| WHAT IS BEING ASKED |
The listing below must be repeated word for word, without its pictures.

| DATASET CONTENT |
▼

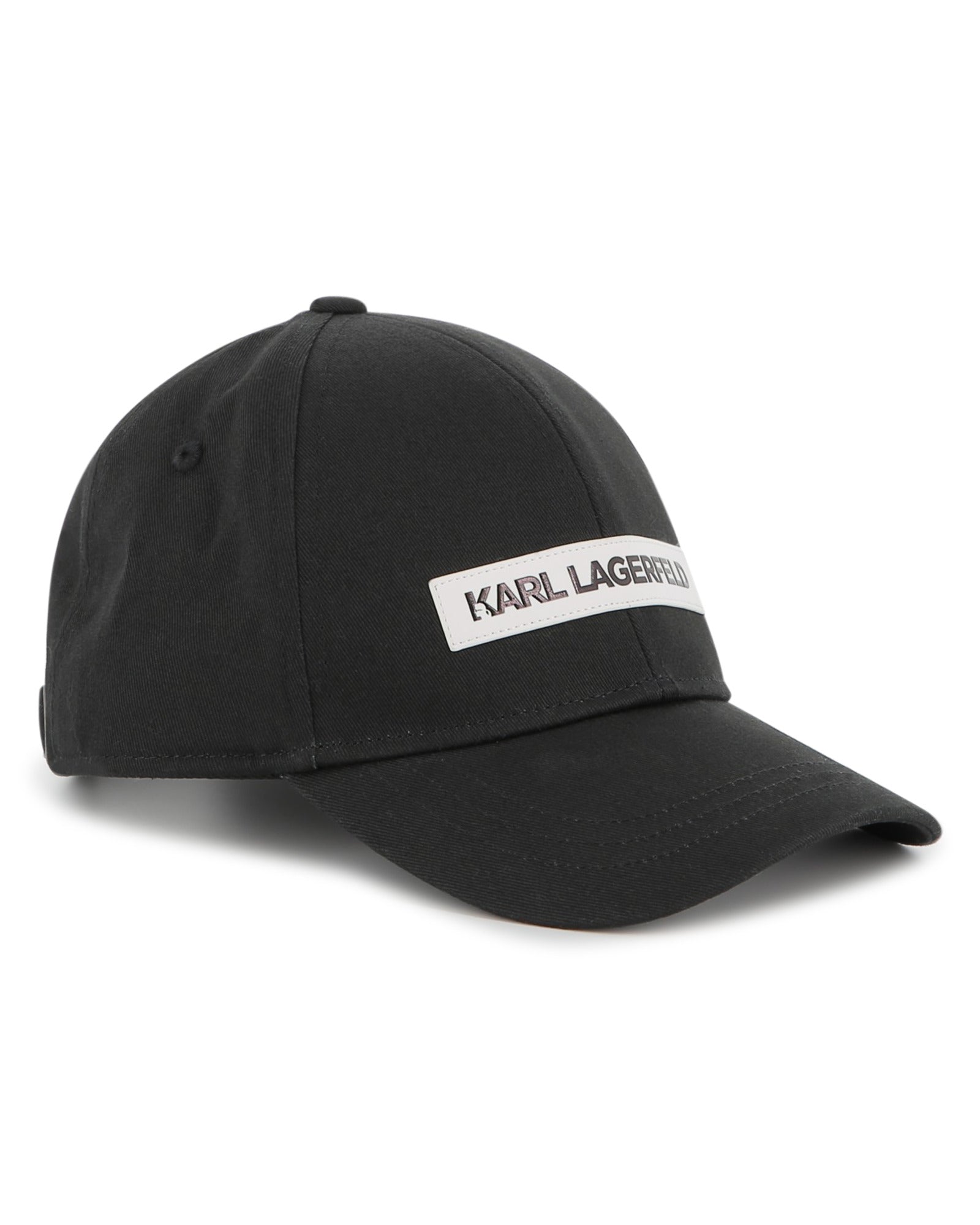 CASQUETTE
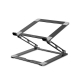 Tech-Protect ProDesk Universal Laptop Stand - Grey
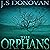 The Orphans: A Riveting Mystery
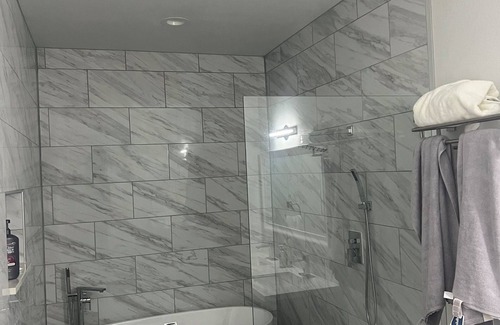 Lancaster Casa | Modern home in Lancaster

▲

| RESPONSE FOR THIS EXERCISE |
 CASQUETTE
 Tech-Protect ProDesk Universal Laptop Stand - Grey
 The Orphans: A Riveting Mystery
 Lancaster Casa | Modern home in Lancaster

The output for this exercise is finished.